ReelScotland reviewed the film, concluding "an emotive film which shows both what can happen when a Government considers money over its own laws and how those at the sharp end remain resilient throughout". Roger Ebert of the Chicago Sun-Times gave the film three stars out of four, writing that the most fascinating aspect of the documentary is "Trump's almost joyous rudeness" and that "the underlying message is that if you are rich and powerful enough, you can run roughshod over tradition and private property rights and buy your place at the table." Stephen Holden wrote in the New York Times that the documentary is an "unabashedly hostile portrait" of Trump, depicting him as "an insensitive, lying bully" who tried to pressure the golf course's neighbours into sell their properties to him, including threatening them with compulsory purchase orders.

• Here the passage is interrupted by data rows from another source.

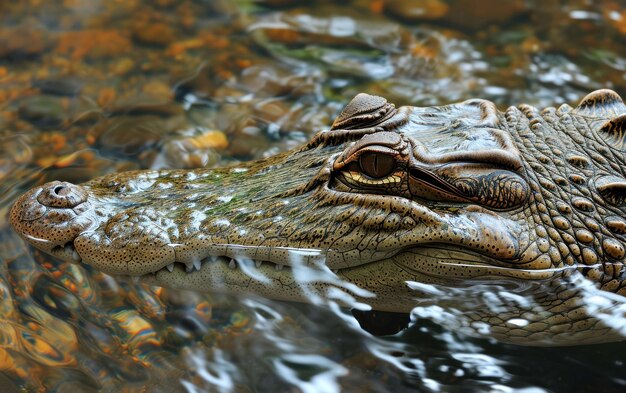 Une photo d'un crocodile sur fond d'eau ondulée.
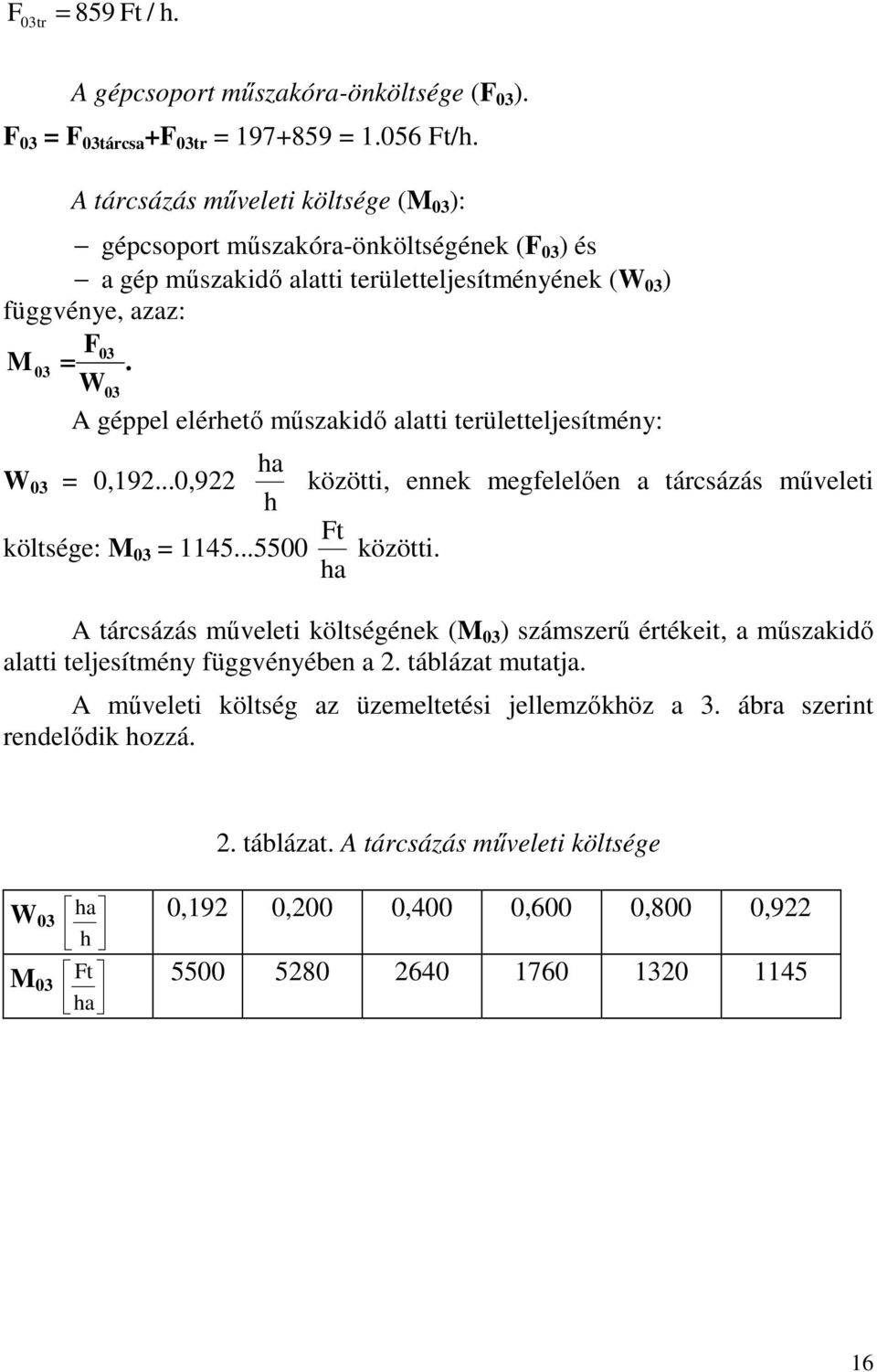 W03 A géppel elérhető műszakidő alatti területteljesítmény: ha W 03 = 0,192...0,922 közötti, ennek megfelelően a tárcsázás műveleti h költsége: M 03 = 1145...5500 Ft ha közötti.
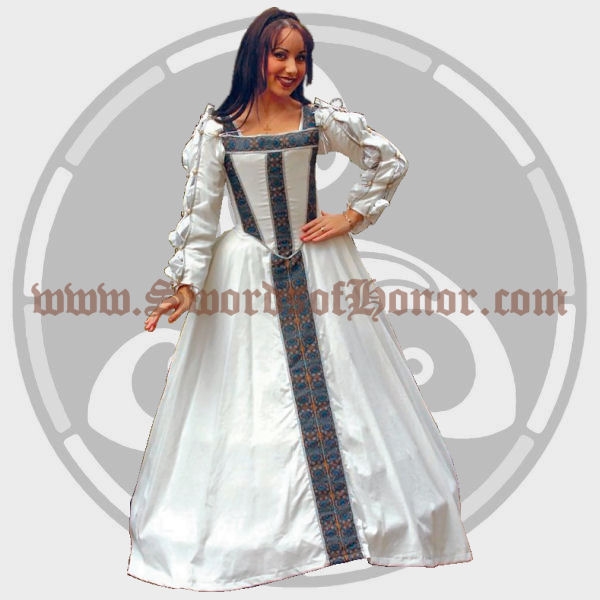 White Toledo Gown Medieval Clothing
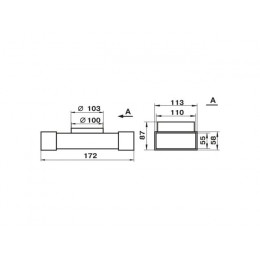 Тройник воздуховода 531 плоск/кругл. каналов 55х110/100 ZERNBERG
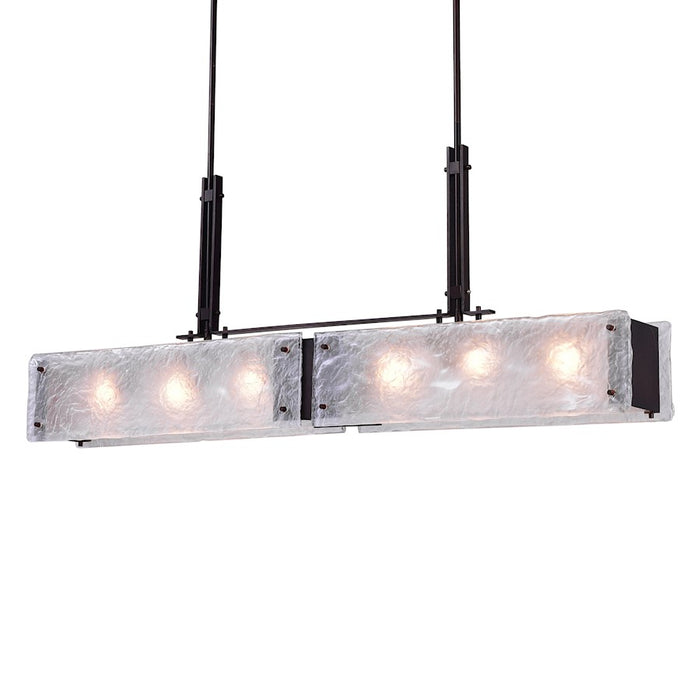 CWI Assunta 6 Light Drum Shade Chandelier, Black/Frosted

Bill Forsyth, the director of Local Hero (from which the film used footage), reacted to the film positively. Forsyth saw the film at the Shetland Film Festival.

The documentary and its director won several awards:
- The Sheffield Green Award at the Sheffield International Documentary Festival, Sheffield, England, in 2011
- The Audience Award at the Dakino – Bucharest International Film Festival, Romania, in 2011
- The Maysles Brothers Award for Best Documentary Film at the Denver Film Festival, Denver, Colorado, US, in 2011
- The Victor Rabinowitz and Joanne Grant Award for Social Justice at the Hamptons International Film Festival, East Hampton, NY, US, in 2011
- The Directors' Choice Award for Best Environmental Film at the Sedona International Film Festival, Sedona, Arizona, US, in 2012

== Legal response ==
When it was announced that the documentary was to be given its British television premiere on BBC Two on 21 October 2012, Trump's lawyers contacted the corporation to demand that the film should not be shown, claiming that it is "defamatory" and "misleading". The screening went ahead. The BBC defended its decision, noting that Trump had repeatedly refused to be interviewed in conjunction with the film.

== Sequels ==

=== A Dangerous Game (2014) ===

A follow-up documentary called A Dangerous Game was released in September 2014. The film continues the story of the locals' struggle against Donald Trump but goes further afield also. It documents Trump's plans to build a luxury golf course in Dubrovnik, Croatia, on Mount Srđ overlooking Dubrovnik, against which local residents campaign. The residents win a referendum on the matter but this is ignored by officials.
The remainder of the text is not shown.